Oddly, he strikes up a friendship with a young woman named Clarisse (Bria Washington). Clarisse is different, and strange. She sticks her tongue out for raindrops. She goes for late-night walks. She alone appears unshackled from the media – and drug-induced stupor that grips the rest of her neighbors. In speaking with Montag, Clarisse creates the hairline crack in his worldview that eventually ruptures.
The actors in this cast are fully committed and deliver strong performances. Rick Smith especially turns the supporting part of Fire Captain Beatty into a memorable turn, and Wolff's direction gives Cassie Reveles and Eva McQuade openings to insert occasional goofball comedy into a dark story. Fahrenheit 451 is a showcase script for a good sound designer, and Lowell Bartholomee (who also created the video design) does not disappoint.
The script, however, is evidence of a novelist's hubris. As a novel, Fahrenheit 451 is a classic entry in high school English syllabi. In adapting the novel into a work for the stage, author Ray Bradbury fails to present the kind of dialogue that runs smoothly and easily conveys a story. If one is already familiar with the story, it's perhaps not a problem, but for those with only a book-blurb awareness of the narrative, it doesn't totally come together.
It's also a curious point in history from which to view the story, which was originally published as a novel in 1953. The reason books are outlawed in this sad, gray world is because minorities, feminists, and other marginalized people were offended by what they read. So many people objected to content that everything literary became fuel for the bonfire. The play doesn't dwell on that bit of backstory, but it's notable because it makes this play hard for either side in our currently two-sided political catastrophe to embrace. Yes, a lot of people reading this review are likely to agree that we as a society need to wake up, turn off the entertainment, and exit the social media-induced stupor into which many of us have fallen. The suggestion from Bradbury, who leaned conservative politically, that this is a result of the oversensitivity of minority groups may meet with a different set of responses.
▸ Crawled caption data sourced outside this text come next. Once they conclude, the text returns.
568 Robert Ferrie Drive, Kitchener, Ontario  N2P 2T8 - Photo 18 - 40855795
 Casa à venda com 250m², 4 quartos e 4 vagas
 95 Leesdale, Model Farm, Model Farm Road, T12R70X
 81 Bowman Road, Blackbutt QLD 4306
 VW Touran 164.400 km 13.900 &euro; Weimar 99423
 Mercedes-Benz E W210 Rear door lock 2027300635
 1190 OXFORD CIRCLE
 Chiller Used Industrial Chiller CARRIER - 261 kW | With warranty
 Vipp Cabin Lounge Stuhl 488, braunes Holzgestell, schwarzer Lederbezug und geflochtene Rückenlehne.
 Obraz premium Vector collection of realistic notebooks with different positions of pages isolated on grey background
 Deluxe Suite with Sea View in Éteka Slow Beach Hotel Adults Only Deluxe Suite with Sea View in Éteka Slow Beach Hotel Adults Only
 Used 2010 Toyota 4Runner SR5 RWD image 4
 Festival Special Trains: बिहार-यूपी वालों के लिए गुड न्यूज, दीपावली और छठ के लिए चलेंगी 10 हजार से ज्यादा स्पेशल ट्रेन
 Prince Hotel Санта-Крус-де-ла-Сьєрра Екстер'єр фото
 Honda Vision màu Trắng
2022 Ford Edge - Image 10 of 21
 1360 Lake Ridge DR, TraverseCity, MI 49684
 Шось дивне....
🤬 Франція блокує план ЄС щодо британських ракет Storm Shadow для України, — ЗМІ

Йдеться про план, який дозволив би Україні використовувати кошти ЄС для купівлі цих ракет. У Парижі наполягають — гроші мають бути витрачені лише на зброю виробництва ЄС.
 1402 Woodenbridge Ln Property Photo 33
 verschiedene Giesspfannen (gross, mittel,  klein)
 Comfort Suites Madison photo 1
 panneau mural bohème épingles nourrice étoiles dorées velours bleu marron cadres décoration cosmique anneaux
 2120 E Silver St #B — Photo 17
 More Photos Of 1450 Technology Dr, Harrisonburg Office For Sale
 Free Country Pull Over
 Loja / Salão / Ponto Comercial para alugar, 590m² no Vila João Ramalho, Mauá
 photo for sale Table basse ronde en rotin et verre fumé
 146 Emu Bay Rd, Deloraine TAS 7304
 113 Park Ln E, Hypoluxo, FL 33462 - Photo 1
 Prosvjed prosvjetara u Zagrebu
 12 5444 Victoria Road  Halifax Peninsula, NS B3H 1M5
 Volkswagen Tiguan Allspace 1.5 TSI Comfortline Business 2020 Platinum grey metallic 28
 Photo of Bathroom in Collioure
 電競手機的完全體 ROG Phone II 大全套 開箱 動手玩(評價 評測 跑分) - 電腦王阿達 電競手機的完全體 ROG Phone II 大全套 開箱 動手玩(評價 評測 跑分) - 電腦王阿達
Perhaps that makes Fahrenheit 451 more valuable and timely. The last two weeks have seen a lot of think pieces about getting outside of one's own bubble. Maybe you agree with Bradbury's philosophy, maybe you don't. But putting yourself in a position of intellectual discomfort is what Bradbury, and our current times, are asking of us.
A note for those with significant breathing issues: The production makes very generous use of stage smoke – not surprising, given the main character's job title. It's enough that the smell stays with you after you leave the show.